Warm pools are currently supported by `Jido.Browser.Adapters.AgentBrowser` and
`Jido.Browser.Adapters.Web`.

- AgentBrowser pools keep full warm daemon-backed sessions ready for checkout.
- Web pools keep reserved warmed profiles ready for checkout.
- `end_session/1` always recycles the checked-out worker and warms a replacement
  in the background.

For the `Web` adapter, pooled sessions are still browser sessions, not HTTP
fetches.

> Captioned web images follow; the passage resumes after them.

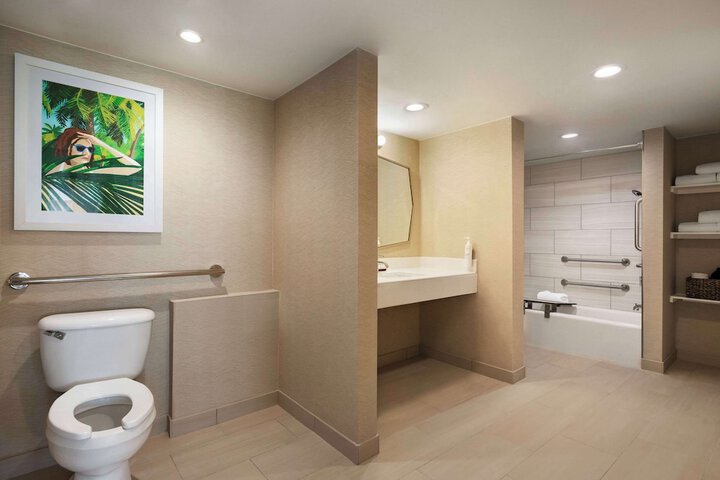 Embassy Suites by Hilton Deerfield Beach Resort & Spa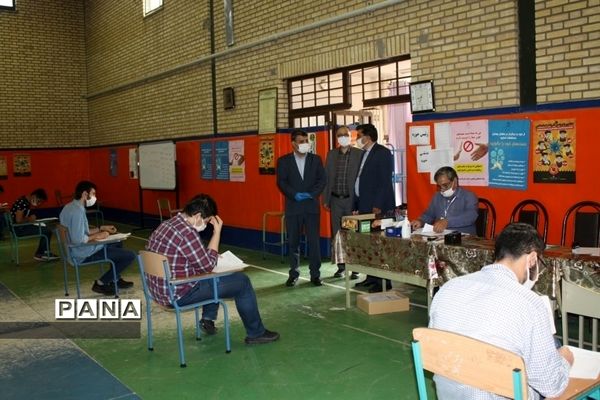بازدید از حوزه‌های امتحانی شهر زنجان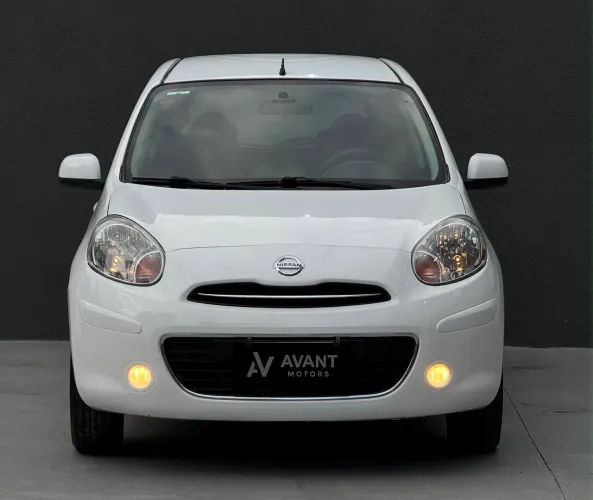 Nissan March SV 1.6 16V Flex Fuel 2014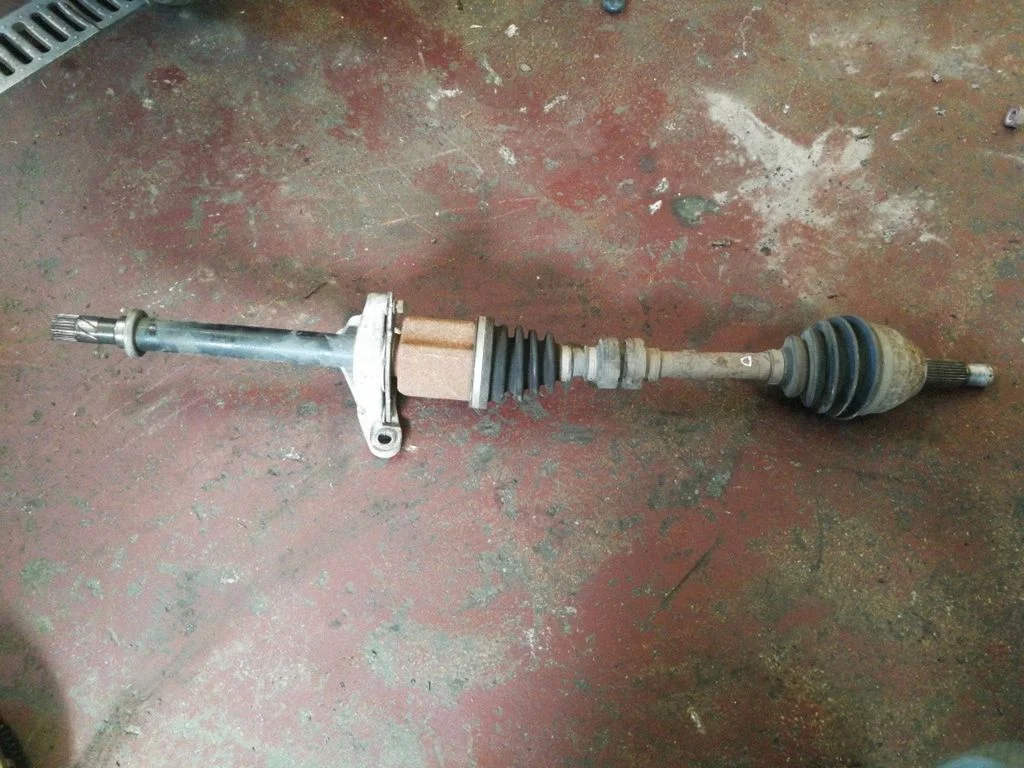 Front driveshaft – right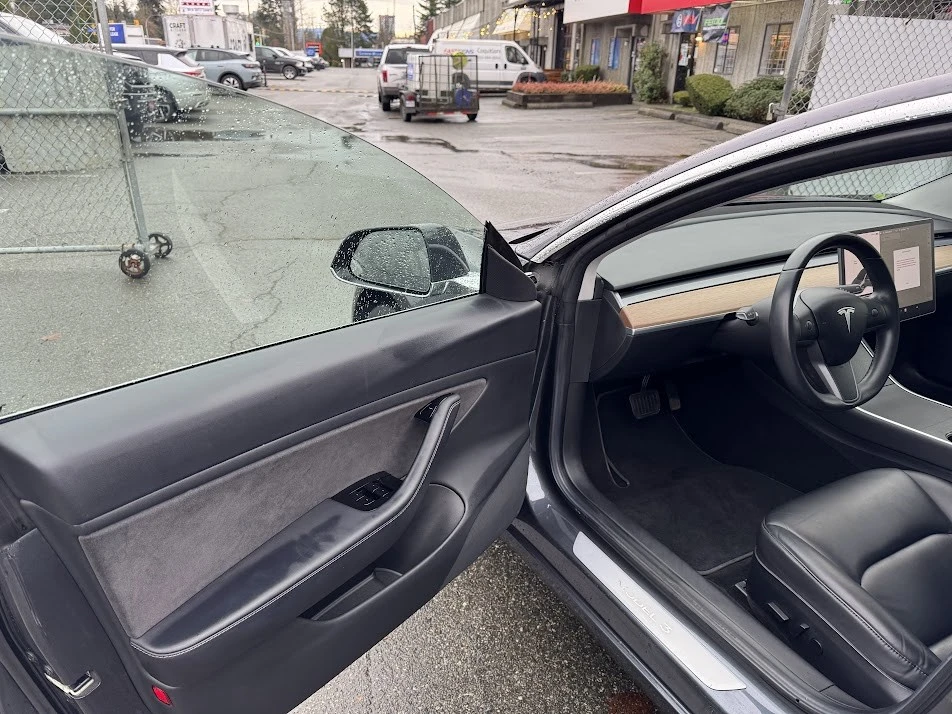 2018 Tesla Model 3 - Image 5 of 9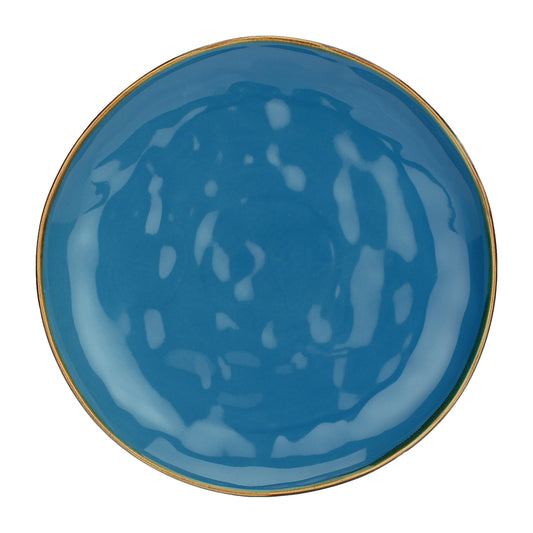 Piatto piano di colore blu avio della linea Concerto. Linea CONCERTO Dimensioni: Ø 27 cm Lavabile in lavastoviglie. In negozio e online su tuttochic.live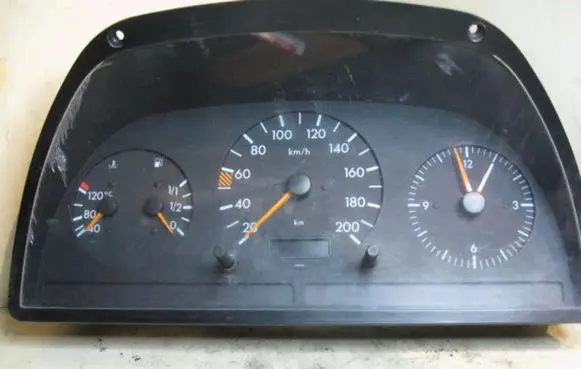 Mercedes-Benz Vito Viano W638 Speedometer (instrument cluster) 65886004 23TD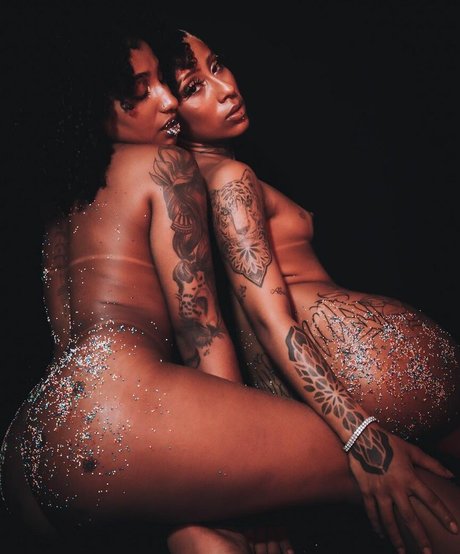 opaicriis sexy actress photos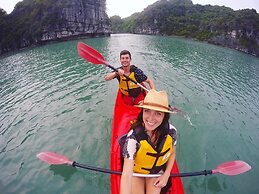 Dragon Bay Cruises
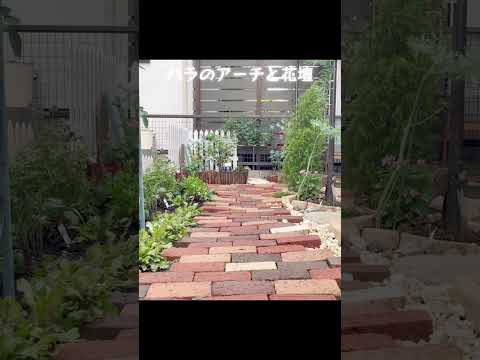 aménager-jardin-pente-dalles-pierre-plantes-couvre-sol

Use `web_fetch/2` when you want the simplest request/response API
without browser state.

### Plugin Setup

```elixir
defmodule MyBrowsingAgent do
  use Jido.Agent,
    name: "browser_agent",
    plugins: [
      {Jido.Browser.Plugin,
       [
         adapter: Jido.Browser.Adapters.AgentBrowser,
         pool: :default,
         checkout_timeout: 5_000,
         headless: true,
         timeout: 30_000
       ]}
    ]
end
```

## Configuration

```elixir
config :jido_browser,
  adapter: Jido.Browser.Adapters.AgentBrowser

config :jido_browser, :agent_browser,
  binary_path: "/usr/local/bin/agent-browser",
  headed: false
```

Other adapters can still be configured explicitly:

```elixir
config :jido_browser, :vibium,
  binary_path: "/path/to/vibium"

config :jido_browser, :web,
  binary_path: "/usr/local/bin/web",
  profile: "default"
```

Optional web fetch settings:

```elixir
config :jido_browser, :web_fetch,
  cache_ttl_ms: 300_000,
  extractous: [
    pdf: [extract_annotation_text: true],
    office: [include_headers_and_footers: true]
  ]
```

Configured `extractous` options are merged with any per-call `extractous:` keyword options passed to `Jido.Browser.web_fetch/2`.

## Backends

### AgentBrowser (Default)

- native snapshot support with refs
- supervised daemon per session
- optional warm session pools with explicit checkout
- direct JSON IPC from Elixir
- built-in state save/load and tab management support

### Vibium (Legacy)

- retained for transitional compatibility
- feature-frozen in 2.0

### Web (Legacy)

- retained for transitional compatibility
- feature-frozen in 2.0

## Public API

Core operations:

- `start_pool/1`
- `stop_pool/1`
- `start_session/1`
- `end_session/1`
- `navigate/3`
- `click/3`
- `type/4`
- `screenshot/2`
- `extract_content/2`
- `web_fetch/2`
- `evaluate/3`

Agent-browser-native operations:

- `snapshot/2`
- `wait_for_selector/3`
- `wait_for_navigation/2`
- `query/3`
- `get_text/3`
- `get_attribute/4`
- `is_visible/3`
- `save_state/3`
- `load_state/3`
- `list_tabs/2`
- `new_tab/3`
- `switch_tab/3`
- `close_tab/3`
- `console/2`
- `errors/2`

## Available Actions

### Session

- `StartSession`
- `EndSession`
- `GetStatus`
- `SaveState`
- `LoadState`

### Navigation

- `Navigate`
- `Back`
- `Forward`
- `Reload`
- `GetUrl`
- `GetTitle`

### Interaction

- `Click`
- `Type`
- `Hover`
- `Focus`
- `Scroll`
- `SelectOption`

### Waiting and Queries

- `Wait`
- `WaitForSelector`
- `WaitForNavigation`
- `Query`
- `GetText`
- `GetAttribute`
- `IsVisible`

### Content and Diagnostics

- `Snapshot`
- `Screenshot`
- `ExtractContent`
- `Console`
- `Errors`

### Tabs

- `ListTabs`
- `NewTab`
- `SwitchTab`
- `CloseTab`

### Advanced and Composite

- `Evaluate`
- `ReadPage`
- `SnapshotUrl`
- `SearchWeb`
- `WebFetch`

## Using With Jido Agents

```elixir
defmodule MyBrowsingAgent do
  use Jido.Agent,
    name: "web_browser",
    description: "An agent that can browse the web",
    plugins: [{Jido.Browser.Plugin, [headless: true]}]
end
```

`Jido.Browser.Plugin` now exposes 37 browser actions, including snapshot/refs workflows, browser state actions, diagnostics, and tab management.

## License

Apache-2.0 - See [LICENSE](LICENSE) for details.